- SchlichtungswerberIn: Mag. (FH) Marlies Neumüller
- Unterstützt von: Martin Ladstätter
- Schlichtungspartner: WIENER LINIEN GmbH & Co KG
- Zeitraum: 7. Februar 2008 bis 9. April 2008
- Bundesland: Wien
- Gesetzesgrundlage: BGStG
- Einigung: Nein
Schlichtungsantrag
Am 12. Jänner 2008 möchte ich zusammen mit einer Assistentin die Straßenbahnlinie 49 Richtung Dr. Karl-Renner-Ring benutzen und bei der Endstation Hütteldorf/Bujattigasse einsteigen. Ich benutze an diesem Tag meinen elektrischen Rollstuhl. Wenige Tage zuvor bin ich von einem Fahrer mit Nachdruck dazu aufgefordert worden, mit dem Rollstuhl immer den vordersten Einstieg zu benutzen und nicht, wie ich es manchmal zur Zeitersparnis mache, wenn es der Abstand zwischen Gehsteigkante und Straßenbahn zulässt, weiter hinten einzusteigen.
Ich will an besagtem Tag also pflichtgemäß vorne einsteigen. Bei der vordersten Tür ist aber der Abstand zwischen Gehsteigkante und Straßenbahn aufgrund einer leichten Krümmung des Gehsteigs beziehungsweise der Straßenbahnschienen zu groß, sodass ich mit dem Rollstuhl den Spalt allein nicht überwinden kann. Ich bitte also den Fahrer, mir die Rampe auszuklappen.
Dieser verweigert dies, mit der Begründung, der Rollstuhl sei zu schwer und außerdem bestehe bei Elektrorollstühlen immer die Gefahr, dass sie „blockieren“ und nicht mehr fahren würden.

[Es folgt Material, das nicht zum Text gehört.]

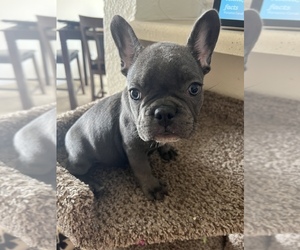 French Bulldog Puppy for sale in HUMBLE, TX, USA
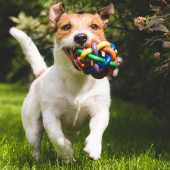 puppy met speeltje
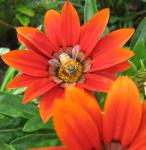 Bee on Orange Gazania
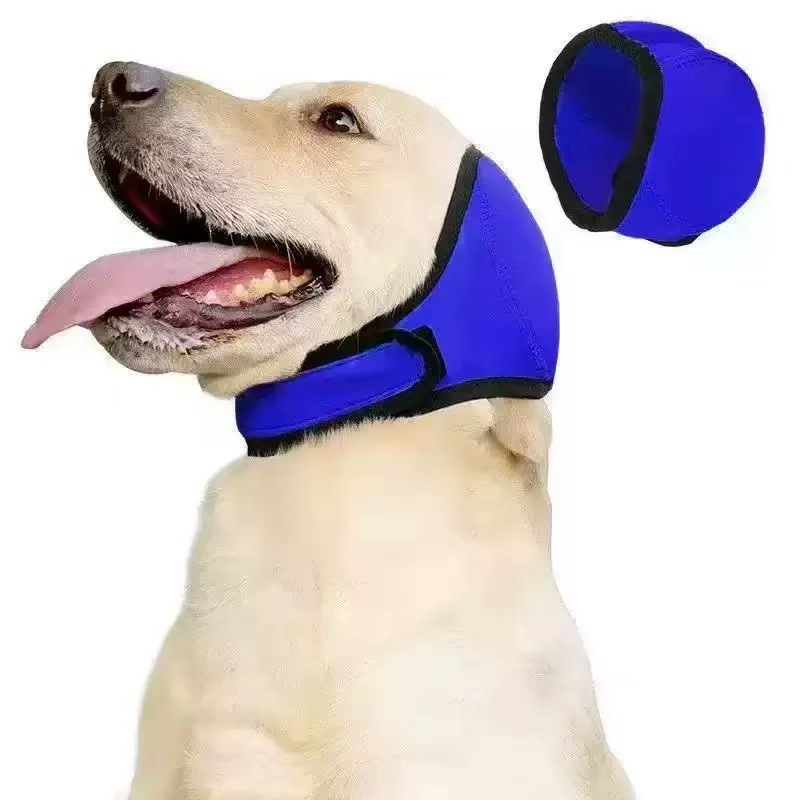 Hörselskydd för hund i blå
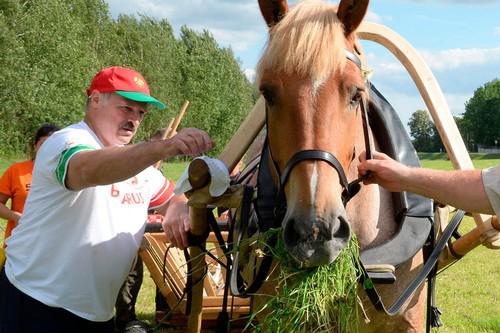 Александр Лукашенко и лошадь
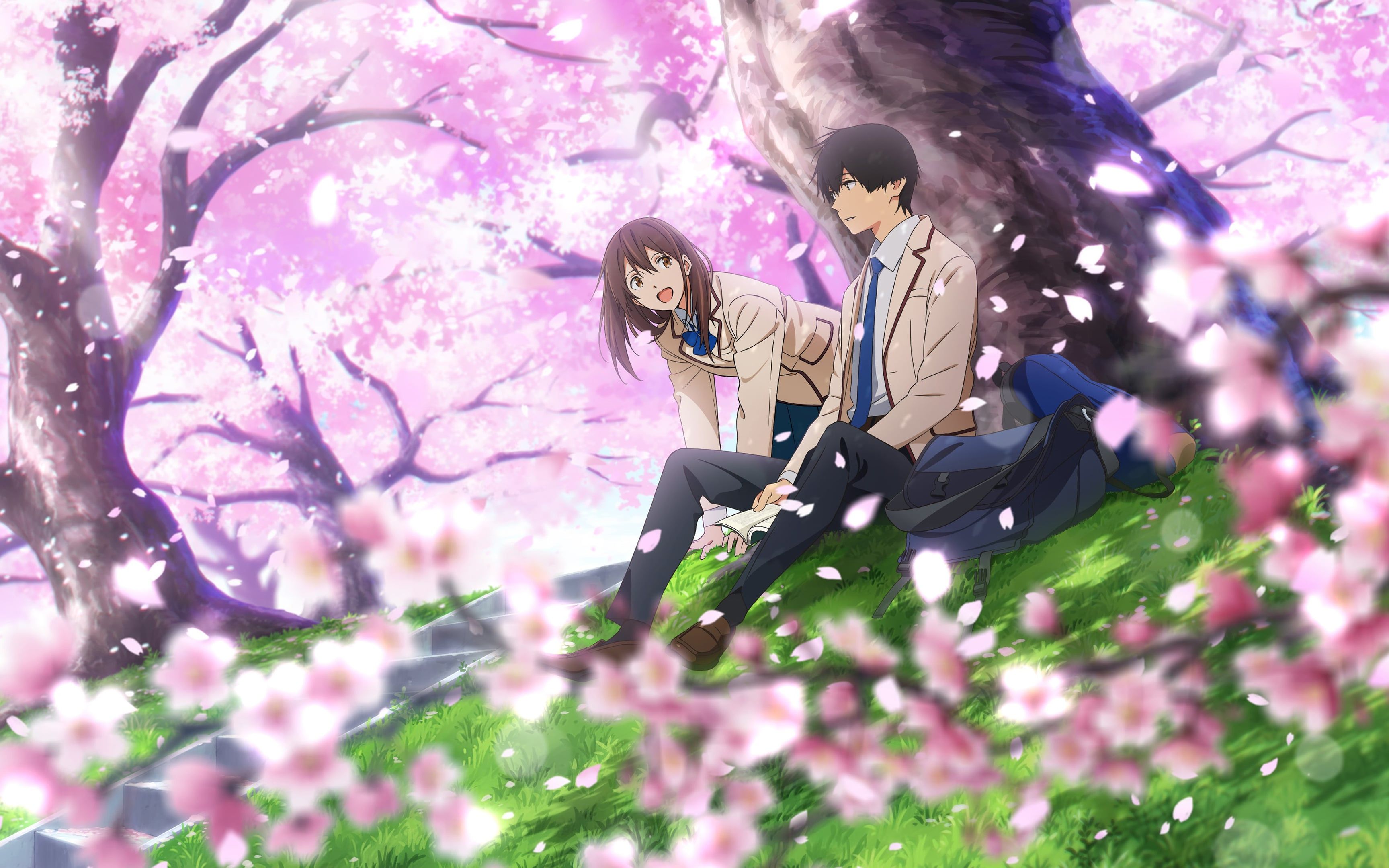 胰脏mad每一个春天樱花终将如期而至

Ich weise ihn darauf hin, dass er verpflichtet ist, die Rampe auszuklappen. Darauf hin meint er, dass er mich mit dem E-Rollstuhl aufgrund neuer EU-Bestimmungen gar nicht mitnehmen dürfe. Grund dafür sei eben das Gewicht des Rollstuhls und das hohe Risiko einer plötzlichen Rollstuhlpanne. Falls ich ihm nicht glaube, könne ich ja in den Beförderungsbestimmungen nachlesen.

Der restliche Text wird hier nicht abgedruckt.